When she emerged, she was wearing Cliff's St Tropez wrap that she had found conveniently hanging up behind the door. And Cliff himself was down to his string vest and college underpants. His restrained pinstripe suit, his pink shirt and his bold and rather striking tie were draped neatly over the chair by the window, with his brown suede shoes on the floor beside them.

Cliff put his arm tenderly about her, and they started to go through to the bedroom together. They had got only as far as the end of the couch, however, when the front-door buzzer sounded. The note startled him. Telling Estelle to stay where she was, he padded barefoot
into the hall. It was definitely on the late side for visitors. There was no safety-chain on the door, and he was careful to lean his shoulder up against it as he turned the knob.

But it was only lonely Zena. And after the frustrations of the airport, the endless cups of coffee before the flight cancellation was finally confirmed, she was dangerously close to breaking-point. At the sight of Cliff, all stripped-down and masculine-looking, she uttered a happy little cry and sprang at him. The door flew open, and there he was clasped in the cherry-red uniform of Charter Airflights.

It was over Cliff's shoulders that Zena saw Estelle. And the sight of those long, white legs under the St Tropez bath-wrap was too much for her. She was still carrying her overnight air-bag with the name of her employers printed on it. And it was heavy because it contained a carton of duty-free whisky that she had intended as a present for Cliff. Slipping the bag off her shoulder, she shortened her grip on the strap and hit out at him. Cliff, all but defenceless in his string vest and college underpants, backed away. Then he saw that Zena was making for Estelle, and he tried to stop her. That was when the cherry-red uniform got torn. The occasional table went over. And Zena was swinging out again. This time it was at Estelle. But by now Estelle was prepared. She had picked up one of Cliff's brown suede shoes, and was defending herself.

Looking back on the whole episode, what Cliff resented most was Zena's and Estelle's attitude towards him. When the fight was over, they had gone through to the bathroom together, and had stayed there rather a long time. While Cliff was putting the occasional table back on its feet again and picking up the cigarette ends from the ashtray that had gone over with it, he could hear taps being turned on and off, and the basin cupboard being opened and shut again. Because Estelle would hardly be using her new toothbrush now, he imagined that it was aspirins or sticking-plaster that they were after. Then the bathroom door opened and they walked straight past him. The last that he saw of either of them was as they went down the corridor towards the lift. They had their arms round each other by then, and Estelle was carrying Zena's air-bag for her.

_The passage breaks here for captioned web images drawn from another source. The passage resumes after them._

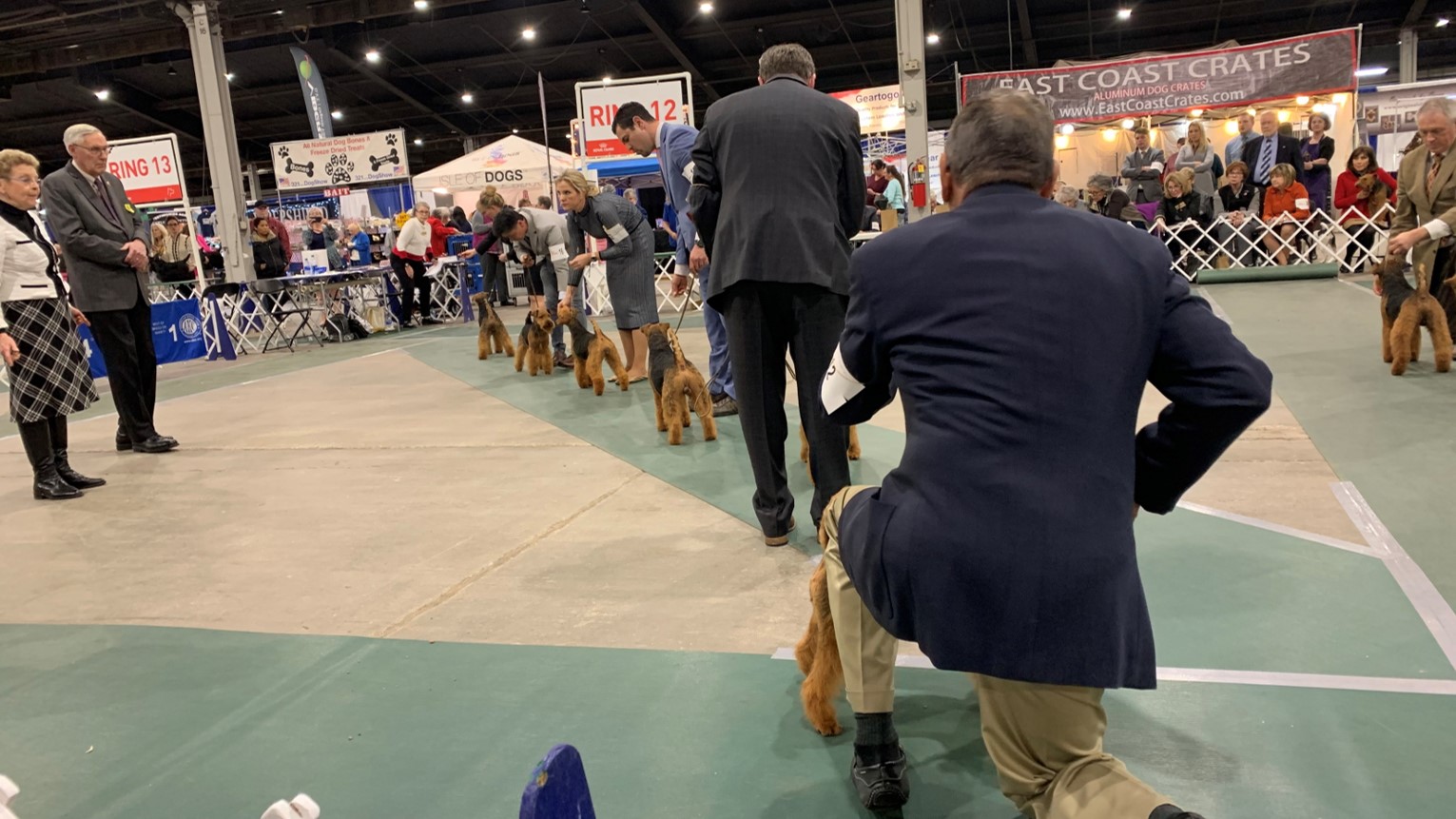 Ringside mentoring on judging procedures welsh terrier club of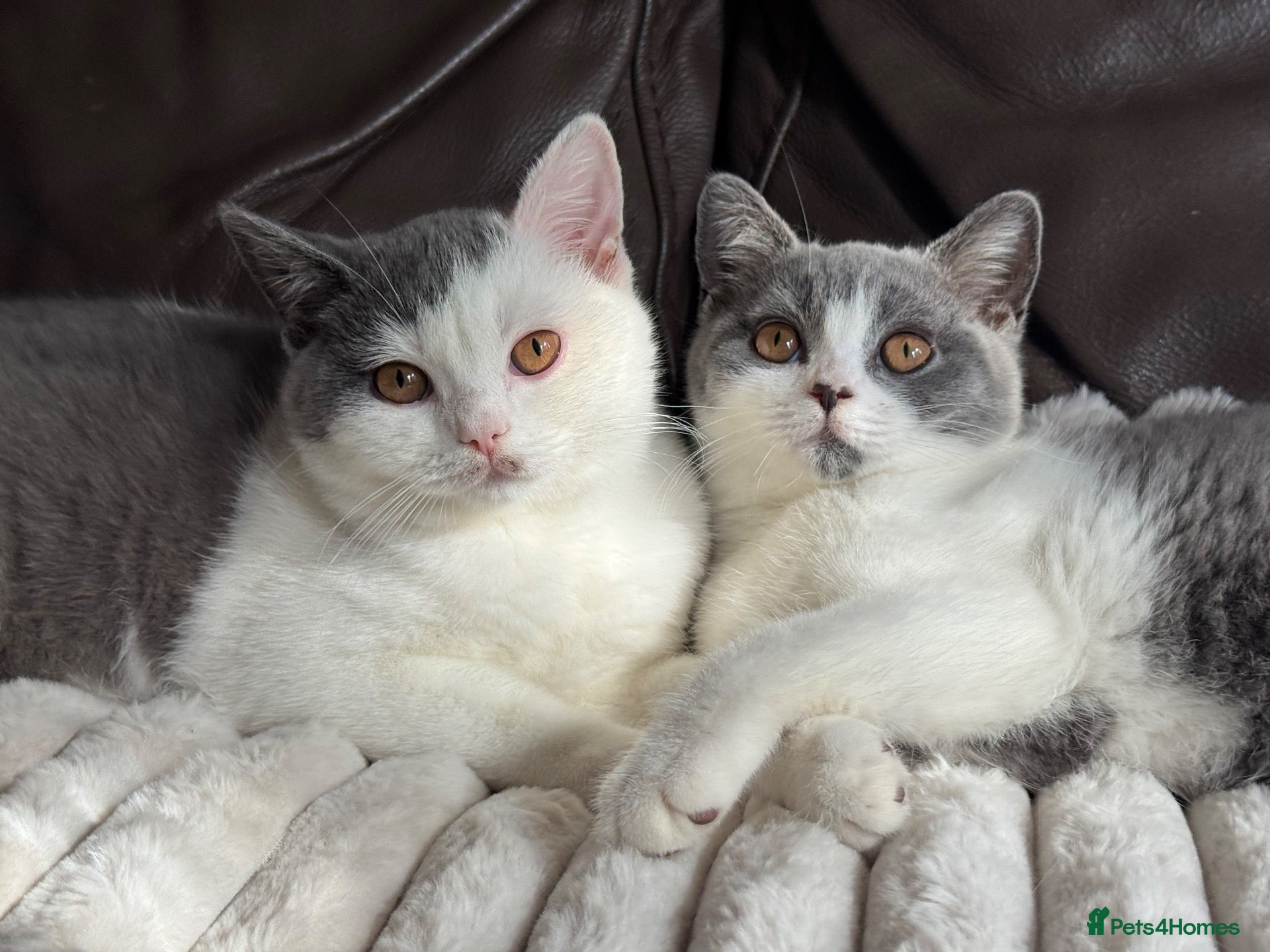 British Shorthair cats TICA Registered BritishShorthairKittens  Ready now - Advert 4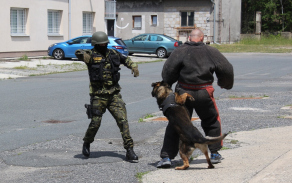 při dynamické ukázce vojenští policisté simulovali zadržení pachatele s pomocí služebního psa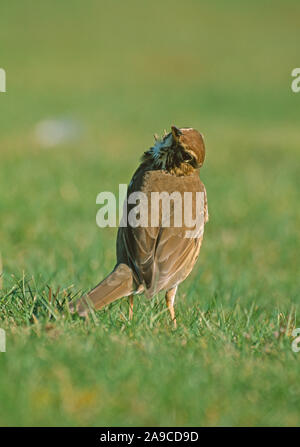 Grive musicienne (Turdus philomelos). Sur une pelouse de jardin, regarder, 'gel'' tout en un Kestrel vole au-dessus. Banque D'Images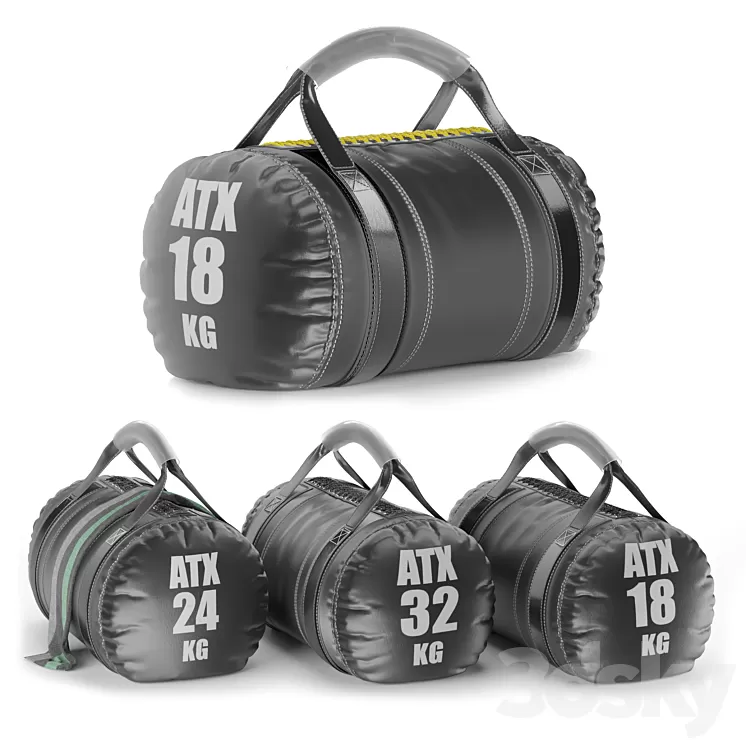 Gym Weight Atx Strongman Bag 3D Model Free Download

That was how it was that Cliff was free to see so much more of Stan and Beryl. With Estelle and Zena both gone, and with no one else on call at the moment, the flat seemed strangely desolate and empty. By
comparison, Kendal Terrace was a haven. There was real warmth there. He might have been one of the family the way Beryl greeted him. And, low in spirits as he was, more than once on the way down in the car he had reflected on how things might have been.

By rights, it should have been Stan who was dropping in on him and Beryl.

Chapter 9

It was in the second mail delivery, the one that usually reached Contracts Filing at the same time as the tea trolley, that the buff, internal office envelope addressed to Mr Stanley Pitts arrived. It was marked ‘Private and Personal'. And, the moment it came, Stan pounced on it.

He had been sure that he would hear something during the day. It made him feel all bright and cheerful inside. And it had showed. During breakfast Beryl had even accused him of holding out on her, saying that he must know more than he was telling. Otherwise he wouldn't be like that, she had added: not at breakfast, he wouldn't. And the same happy, expectant feeling had persisted all the way up in the train.

Now that the letter had really come, however, he found that he couldn't bear the strain of it all. It meant too much to him. He just stood where he was, with the buff envelope in his hand looking down at it. Then, because he didn't want to attract attention to himself, didn't want any of the juniors in the department to wonder what he was doing, he picked up the letter-opener and slit open the envelope with a flourish as though it didn't matter.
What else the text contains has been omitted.